For the first time in years, Republicans from across Minnesota will gather for a political convention … and the party’s debt figure won’t be the star of the show.

That’s been the case in gathering after gathering since 2011, when Republican Party of Minnesota Chairman Tony Sutton suddenly resigned, leaving in his rearview mirror more than $2 million in 2010 campaign and recount debts. 

Under two new chairmen — former chair Pat Shortridge and current chair Keith Downey — the party has slowly and painstakingly whittled that debt down to its current $1.1 million level. Now, as more than 2,200 GOP activists gather at the political convention in Rochester this weekend, their focus will be on picking their preferred party standard bearer among a rash of candidates who want to take on Democrats Mark Dayton and Al Franken this fall.

“There was a time when I thought about debt service every day and now I don’t even think about it,” said Bron Scherer, treasurer of the Republican Party of Minnesota, one of the troops called in to clean up the Sutton administration’s sloppy bookkeeping.
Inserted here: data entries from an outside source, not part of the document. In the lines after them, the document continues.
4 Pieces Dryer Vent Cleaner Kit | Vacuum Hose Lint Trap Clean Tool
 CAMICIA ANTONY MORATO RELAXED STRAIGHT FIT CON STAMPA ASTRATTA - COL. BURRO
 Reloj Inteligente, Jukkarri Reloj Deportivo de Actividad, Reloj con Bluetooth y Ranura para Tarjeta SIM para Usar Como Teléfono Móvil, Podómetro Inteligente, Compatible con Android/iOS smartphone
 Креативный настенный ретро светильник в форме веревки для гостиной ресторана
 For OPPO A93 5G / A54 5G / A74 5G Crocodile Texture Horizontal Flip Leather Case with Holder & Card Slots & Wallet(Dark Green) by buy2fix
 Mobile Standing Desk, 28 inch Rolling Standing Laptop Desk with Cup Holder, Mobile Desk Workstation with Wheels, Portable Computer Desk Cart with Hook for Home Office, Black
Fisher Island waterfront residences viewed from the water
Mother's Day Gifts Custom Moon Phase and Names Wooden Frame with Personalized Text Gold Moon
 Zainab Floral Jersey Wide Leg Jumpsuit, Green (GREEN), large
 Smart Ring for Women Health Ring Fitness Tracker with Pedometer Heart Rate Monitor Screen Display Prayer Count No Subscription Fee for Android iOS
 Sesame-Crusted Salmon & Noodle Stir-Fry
Some of this weekend’s GOP delegates counter that the debt remains an electoral millstone, but there other are signs things are looking up, party officials insist. Restructured debt now consumes only about 10 to 12 percent of the party’s budget this election year. Small and large donors have started coming back to the party, Downey said; the state GOP raised $2.5 million total in 2013.

(Democrats raised $3.2 million in the same stretch.)

Focusing on old-school methods

The GOP also escaped a lease with escalating rent near the Capitol in St. Paul to new, cheaper headquarters in the Seward neighborhood of Minneapolis. “It sends a message that we put a stake in the ground in a highly concentrated DFL area and we are willing to play ball in all parts of the state,” Scherer said.

The party has hired a new finance chair, Pete Hegseth, whom GOP libertarian factions beat out for U.S. Senate endorsement in 2012, and is often mentioned as a possible candidate in other races.

Downey is also going back to the basic state party functions, before flashy television ads and Internet campaign web banners were a thing. That means giving massive voter identification lists to endorsed candidates and helping with get-out-the-vote efforts. That’s increasingly important in a post-Citizens’ United world, Downey said, where independent third-party groups have started dominating the campaign spending game.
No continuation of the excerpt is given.